As Harry Huggins and Richard Ramsundar report in “Colbert Media Blackout Broken by Tweets” on page one, there was an unacceptable lack of communication between the Fordham higher-ups and the student publications tasked with reporting all major events on campus. The biggest problem is not that Fordham waited until we were literally lined up outside the event to tell us we would have to stash our cameras somewhere on campus. The biggest problem is not that it was only when we ran into two Lincoln Center administrators after the event that we were told we could not go through with our planned coverage. The biggest problem is that before we received the official explanation we were fully under the false impression, shared by many who knew of the blackout, that the blackout was stipulated in some contract with Stephen Colbert, Timothy Cardinal Dolan or both of them. As our article reported, the real reason was much simpler: the committee planning the event wished to create a more comfortable environment that would foster a sincere dialogue.

While the possibility of upholding a press blackout in a Twitter-ific world may be up for debate, we understand why those planning the event would hope to foster a tone of sincerity. But we don’t understand why Fordham would keep that unknown until after the event.

For those of us who have been at Fordham for a few years, this is just another instance of an established pattern of non-communication. The McMahon Hall guest pass policy is a source of endless frustration for residents, but it seems a little less like a pointless obstruction of fun when you discover it was developed to make sure unsavory guests could not do harm to residents and then sneak out unnoticed. You can’t begin debating the Catholic social aspect of the guest passes until you understand the safety hopes behind them.

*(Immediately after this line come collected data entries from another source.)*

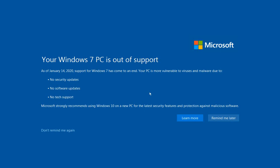If you're still running Windows 7, you may have received this message that your Windows 7 PC is out of support. As of January 14th, 2020, support for Windows 7 has come to an end. So what should you do?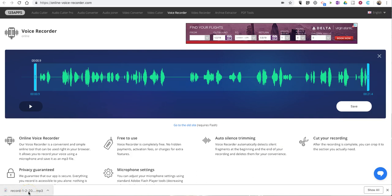And from there, I can use the recording wherever I want to. So that's OnlineVoiceRecorder.com, a quick easy way to make a simple MP3 recording. As always, for more tips and tricks like this, please check out FreeTechForTeachers.com and PracticalEdTech.com.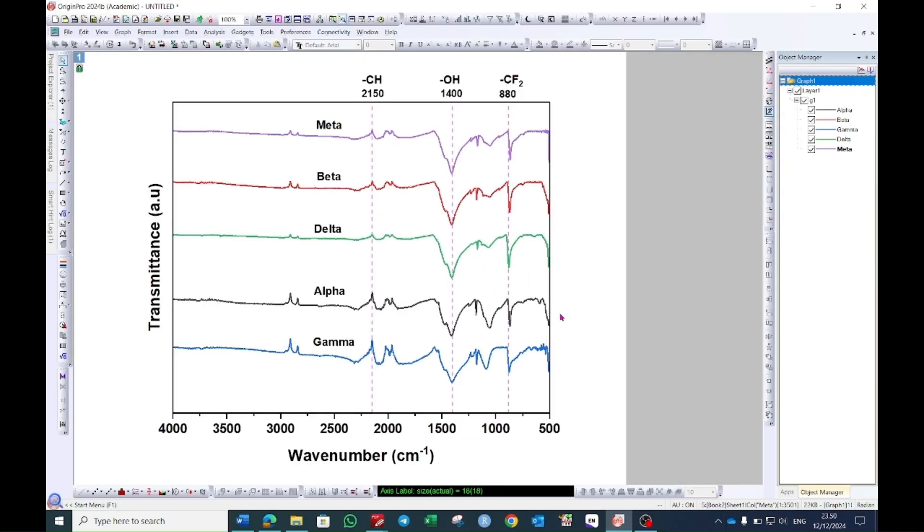In this way you can make an FTIR graph. If it helps don't forget to subscribe the channel. Make a comment and do like the video.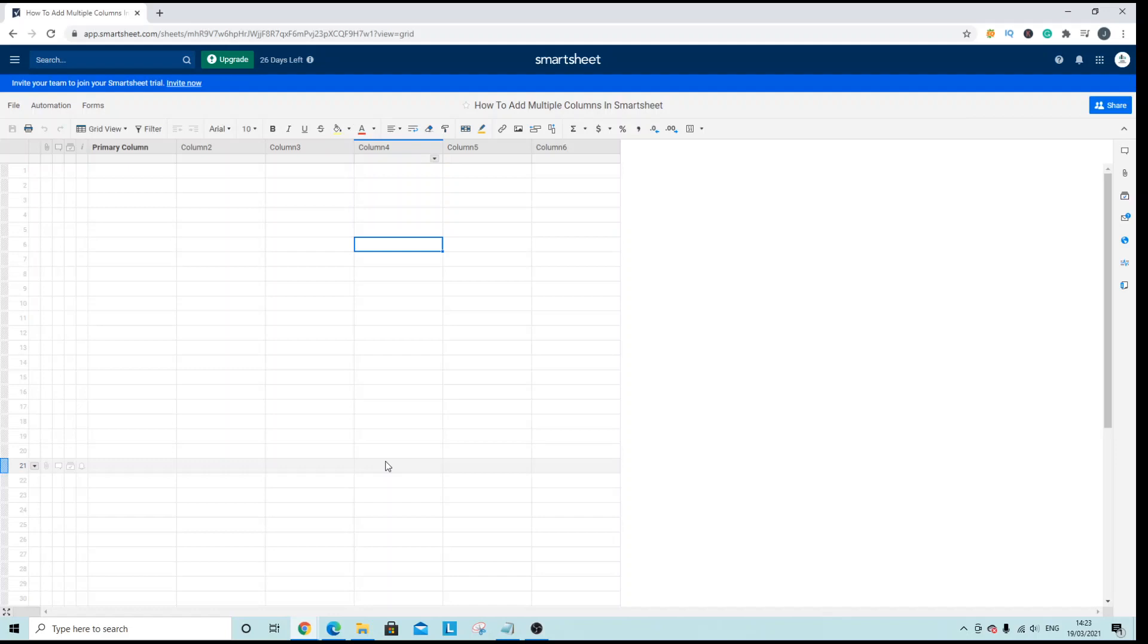Welcome to this Smartsheet tutorial. Today we're going to be looking at how you can add multiple columns in a sheet.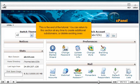This is the end of the tutorial. You can return to this section at any time to create additional subdomains or delete existing ones.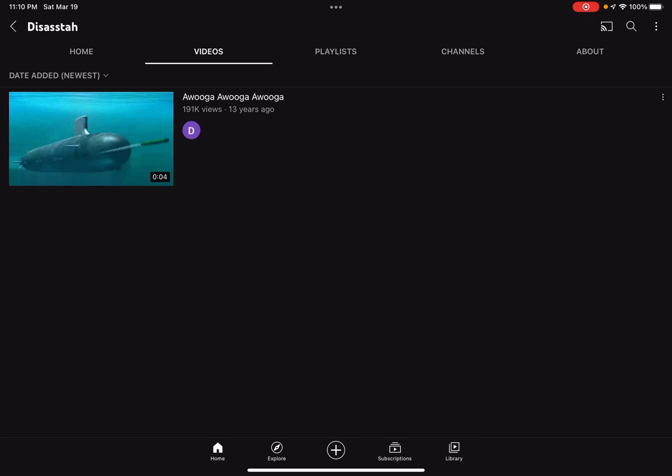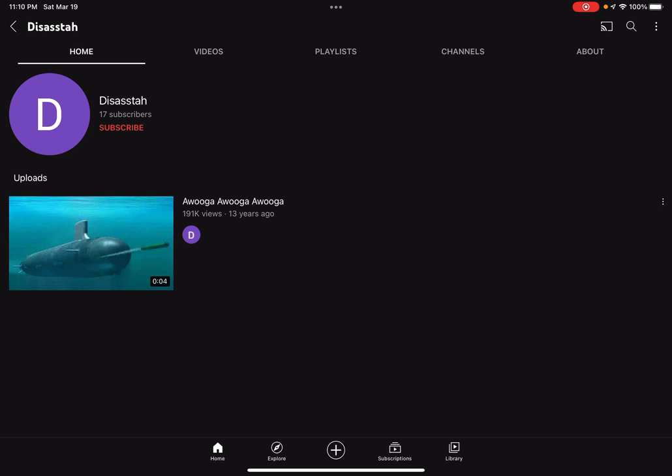Hello guys, it's me Prince Video Game. Have you ever heard of this channel? It's called Disaster. It was made in 2008 and has 17 subscribers on the channel.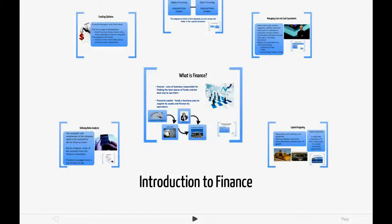We'll go over what finance is — a very important function in business. We'll discuss some of the different ratios that financial managers and investors utilize in order to assess the strengths and weaknesses of their particular company. We'll go over different funding options, capital structures, also managing cash, cash equivalents as well as inventories and accounts receivable, and then lastly we'll end with a discussion of capital budgeting as well as the time value of money, future as well as present values.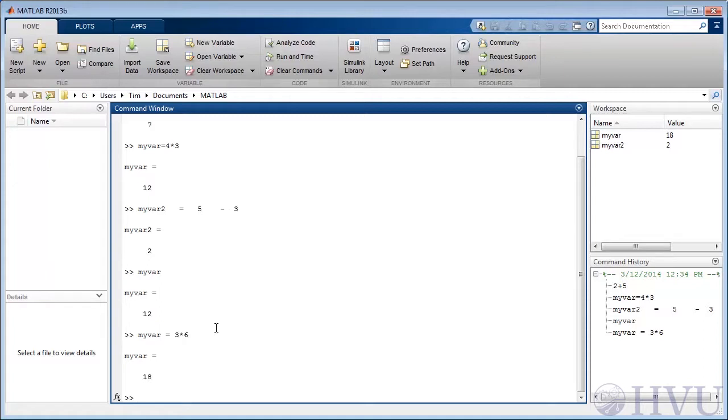If we want to get our previous value of myvar back, we would need to redo the original calculation. It's important to keep in mind that MATLAB only keeps the results of a calculation, not the steps used to create the result.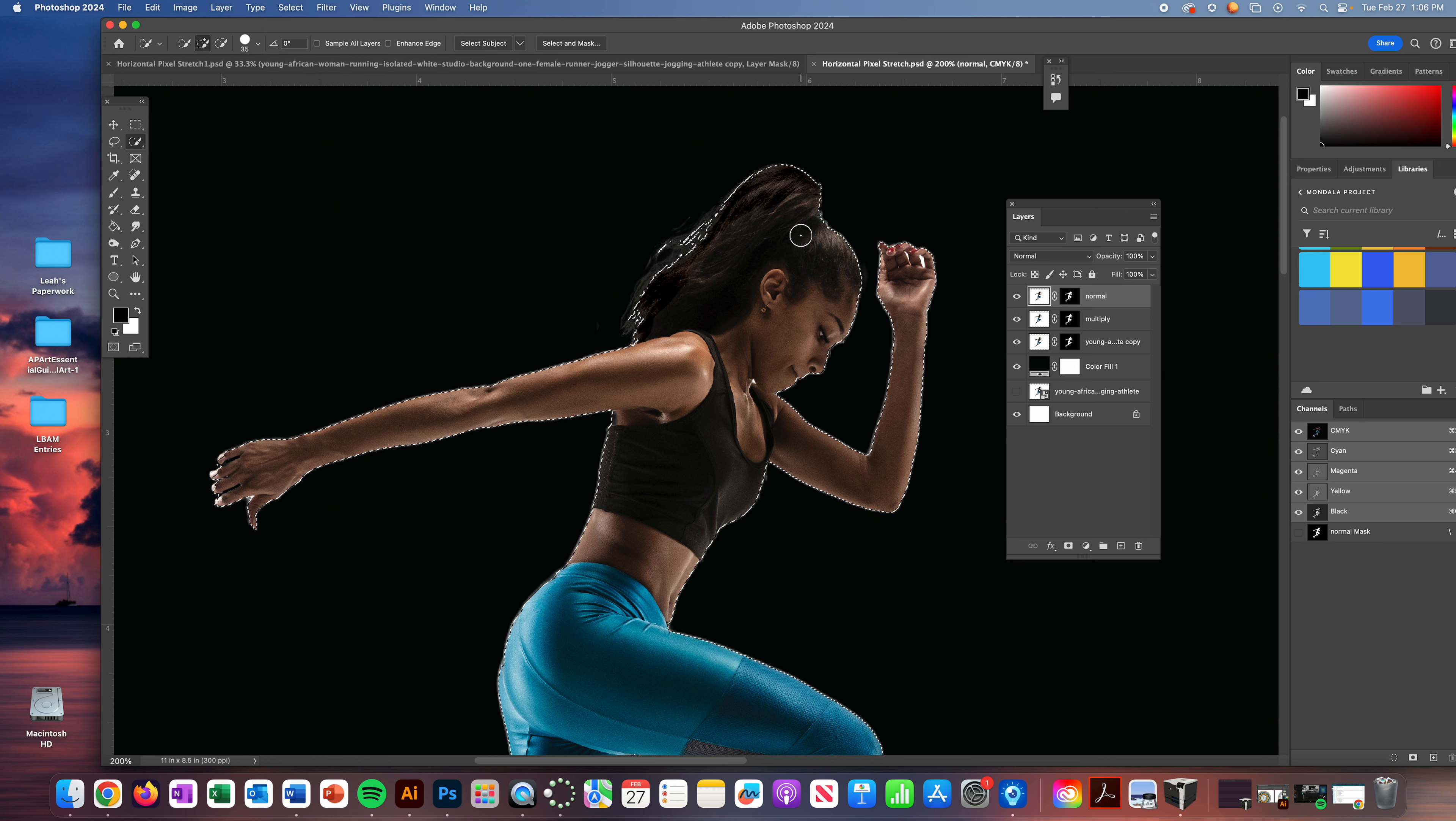I'm going to grab my layer mask on the normal layer with my black turned on. And I'm just going to simply use my brush and brush the black around her body. So I am cleaning up the edges, getting rid of that glow that is around her body.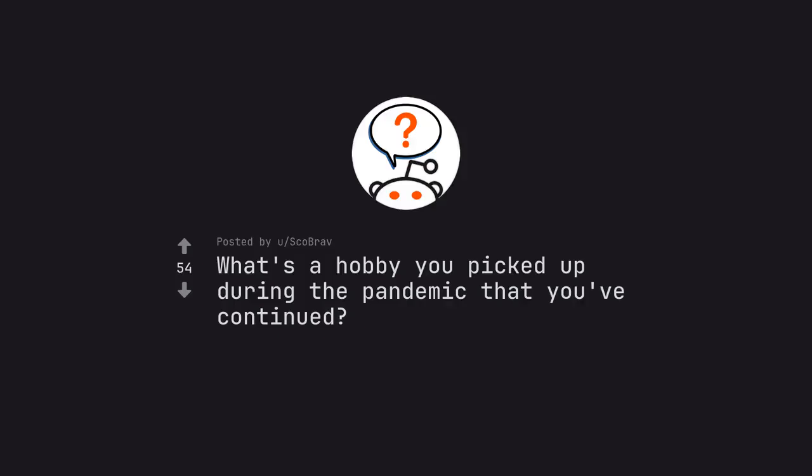Ask Reddit by Skobrav. What's a hobby you picked up during the pandemic that you've continued?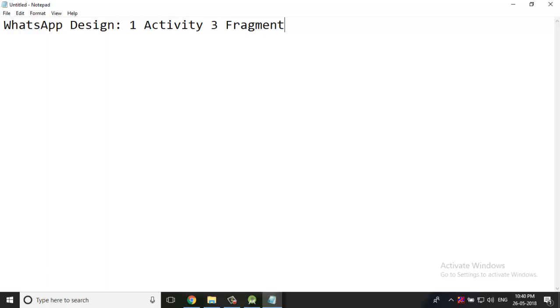The WhatsApp application design will contain one activity class and three fragments. Actually three fragments, but we are going to provide the three fragments.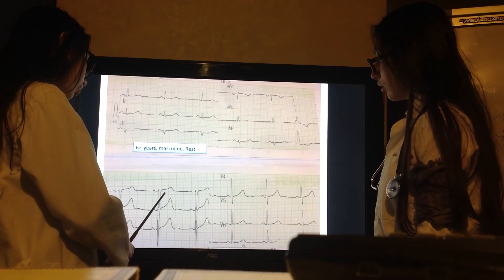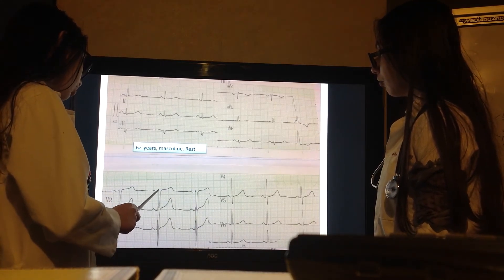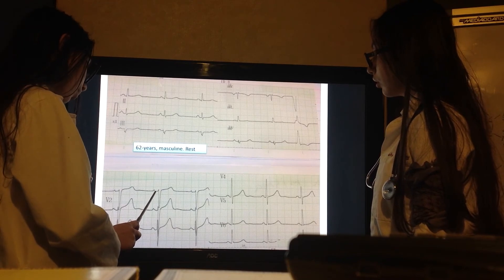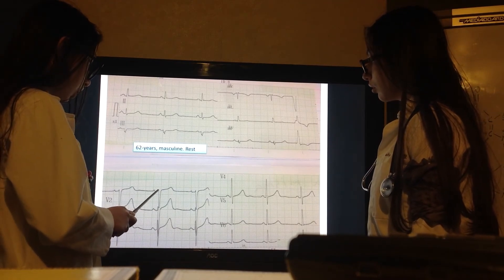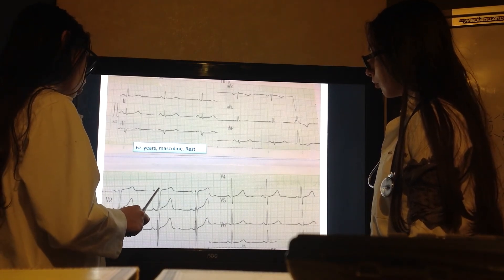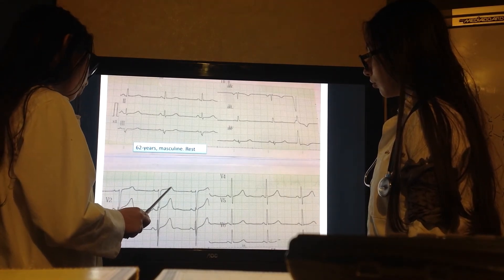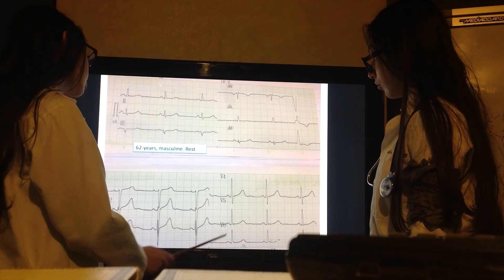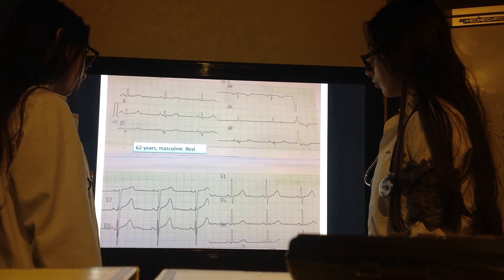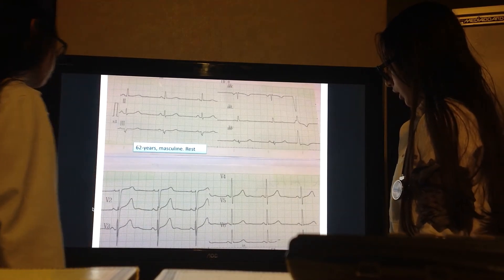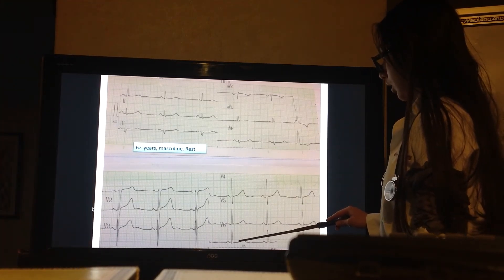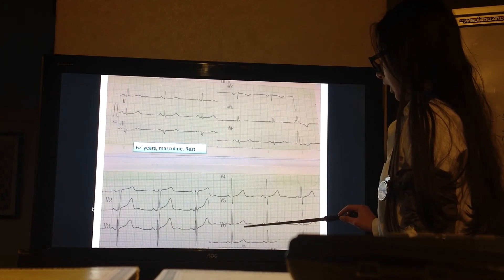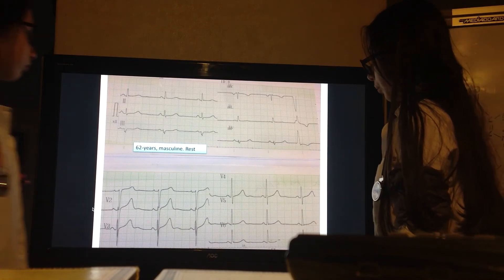For right bundle branch block, V1 would need to show an R-S-R' pattern — there is no R', and V6 does not show a wide S wave, so there is no right bundle branch block. For left bundle branch block, V5 and V6 would need to have no Q wave — but they do have Q waves — and the QRS morphology would need to look like an N shape — which it does not. So there is no left bundle branch block.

The same difficulty happened annually with the “Vagina Monologues” when Counseling Services was not allowed to attend the performance’s debrief until last year, and it still happens regularly with the guest admission policy for on-campus student events. Only when you understand the goals of these policies can you effectively direct your frustration and start the kind of legitimate conversation that can bring about change. Unfortunately, that level of communication is about as rare as a legitimate celebrity coming to Fordham.